DATA RECORDS:
=======

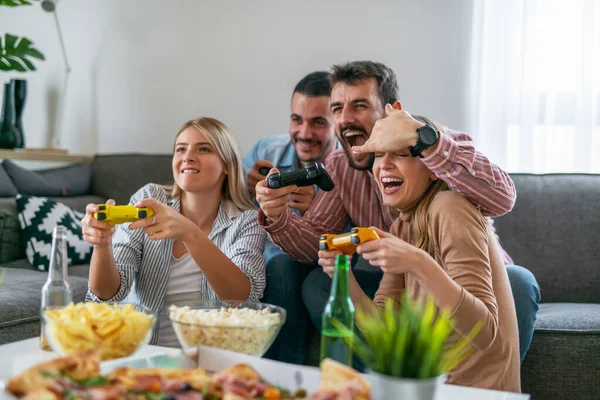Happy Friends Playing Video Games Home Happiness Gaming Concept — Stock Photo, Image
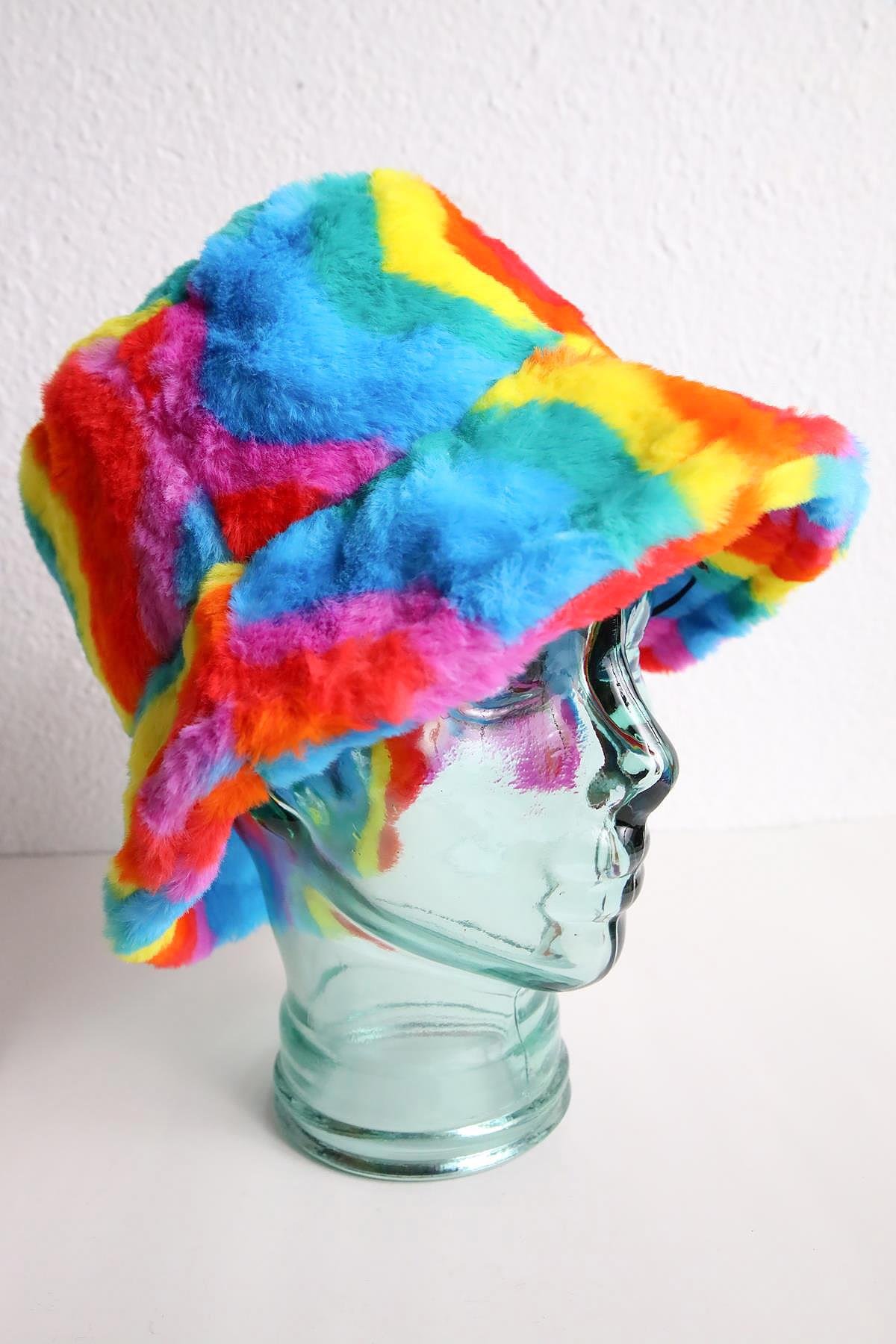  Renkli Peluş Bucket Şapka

=======

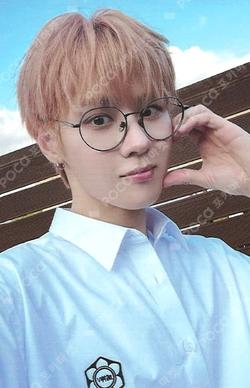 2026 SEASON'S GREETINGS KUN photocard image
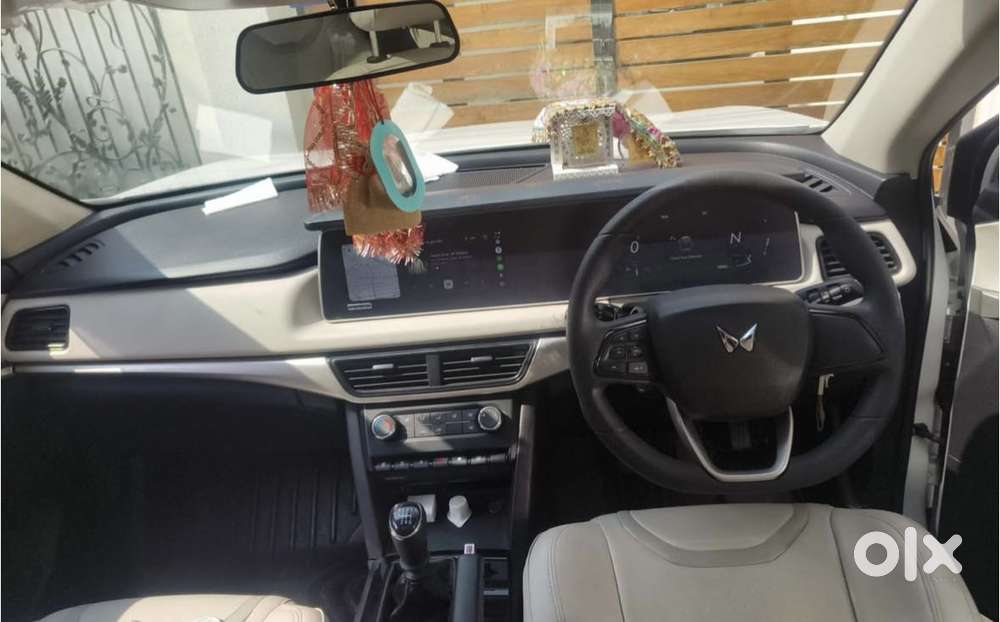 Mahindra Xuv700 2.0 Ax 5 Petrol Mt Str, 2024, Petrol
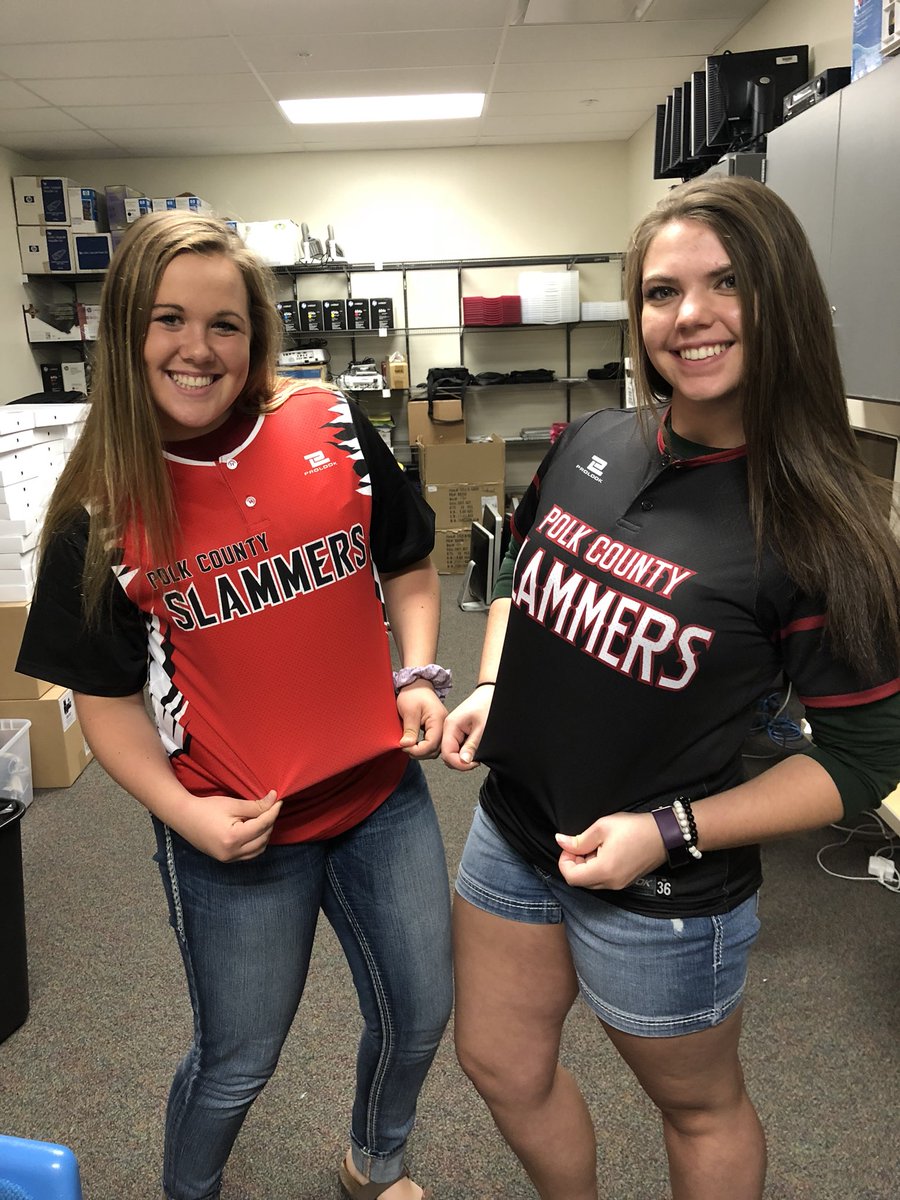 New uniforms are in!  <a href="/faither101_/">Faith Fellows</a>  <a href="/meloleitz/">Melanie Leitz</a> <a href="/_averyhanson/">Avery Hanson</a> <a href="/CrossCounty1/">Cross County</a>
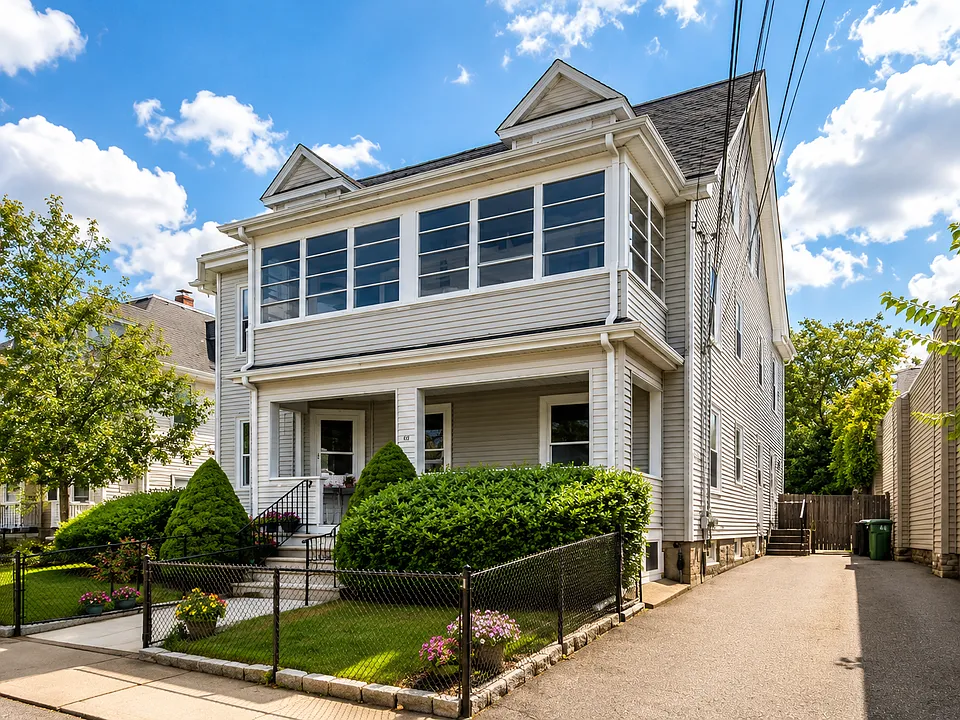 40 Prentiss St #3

=======

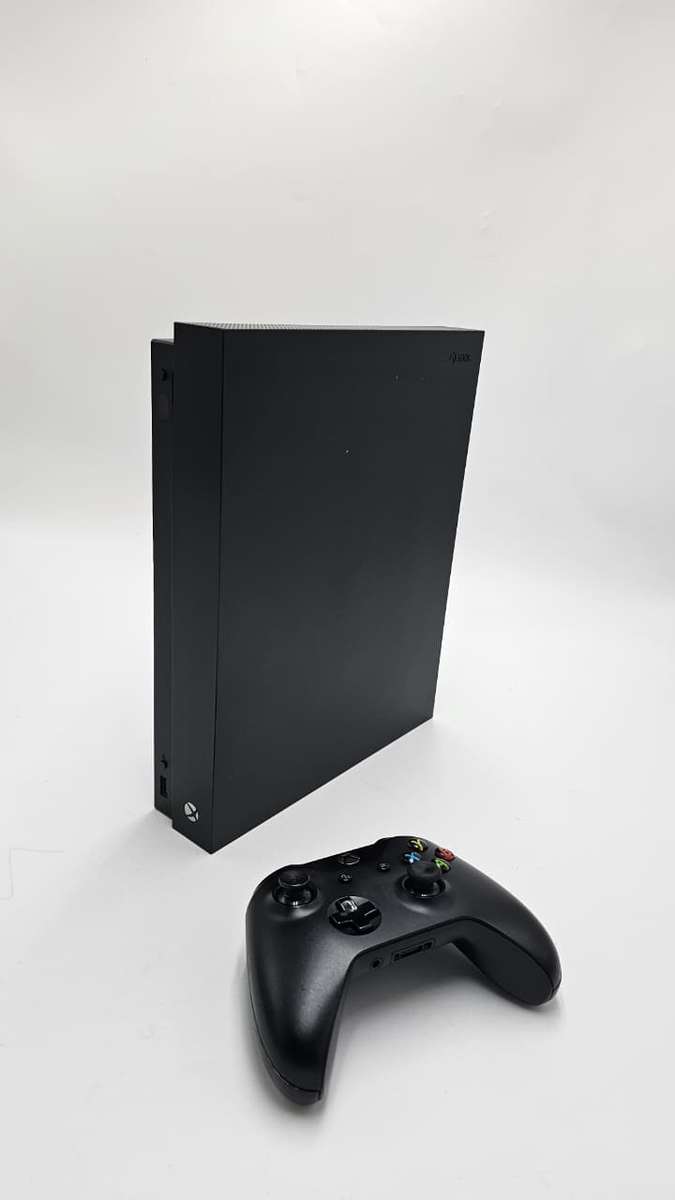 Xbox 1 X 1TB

=======

AIM OF THE TASK:
The output is the stretch above from the line with "Happy Friends Playing" through the line with "Renkli Peluş Bucket Şapka", copied word for word with both ends kept and every picture dropped.

EXPECTED OUTPUT:
Happy Friends Playing Video Games Home Happiness Gaming Concept — Stock Photo, Image
  Renkli Peluş Bucket Şapka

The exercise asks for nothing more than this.